History is
in making as we you read this. What we
know so far is that as a response to the most serious financial crisis since World War II, President George W. Bush has initiated the largest
expansion of peace-time government the free world has ever known. Perhaps the Chinese brainwashed him at the
Beijing Olympics....he has made Hugo Chavez look like Ronald Reagan.
Over the
last few months, the US government has bailed out Bear Stearns with a $30bn
financial guarantee given to its acquirer, nationalised the two largest
mortgage financiers in the world (representing over 85% of US residential
mortgages) and guaranteed their $5,400bn debt, nationalised the largest insurer
in the world (whilst giving it a $85bn loan) and given a blanket guarantee of
$3,400bn to US money market mutual funds.
But, as you
will probably have heard by now, its not stopping there. Bush and Treasury Secretary Paulson (the former
head of Goldman Sachs) have initiated a program to directly bail out the banks that
made huge mistakes: he’s going to buy all their dodgy assets and put them, most
probably, into deep freeze. That way,
the banks can rid themselves of their problem assets and start afresh – they can get back
to “business as usual”. The total cost
to the US taxpayer: somewhere between $1,000bn - $2,000bn depending on the
final details of the bank bailout plan.
Just to put
this into some perspective, the US federal budget deficit is already projected
to be around $425bn this year, its highest ever (but it would have been manageable
had it stopped there).
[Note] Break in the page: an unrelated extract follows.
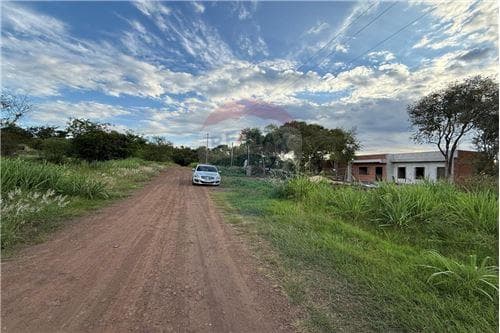 Vendo terreno en el bº santa maria sector seminar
Bush’s financial
interventions are already expected to cost $200-300bn extra this year alone,
with an ultimate cost of many times that. There’s no question that his successor will have to raise taxes. On the national debt front, Bush was already
projected to leave office with the highest public debt/GDP ratio (68.2%) since Harry
Truman. But now, if you add the $5,400bn
Fannie and Freddie debt (as Congress has already demanded) and the $3,400bn of mutual fund guarantees, that ratio
would be around 192%, the highest in the developed world, and somewhere up
there between Zimbabwe and Lebanon.
This is not
to argue that this financial crisis is not serious and unprecedented. That is obvious for all to see. But the answer is not for government to get
knee-deep into the workings of the free market economy and bail out those that
made bad decisions with taxpayers money. The lessons to be drawn are that financial markets need to be more
transparent, with tougher scrutiny and enforcement by the authorities. Tim Montgomerie’s insight yesterday was also
spot on: bankers are a lot smarter than the regulators. We need better regulation, and smarter
regulators. We need to encourage private
sector solutions (such as Lloyds/HBOS, BOA/Merrill) and not be afraid to let
companies fail if they screw up (such as Lehman Brothers – a moment when I
thought Bush was actually coming to his senses).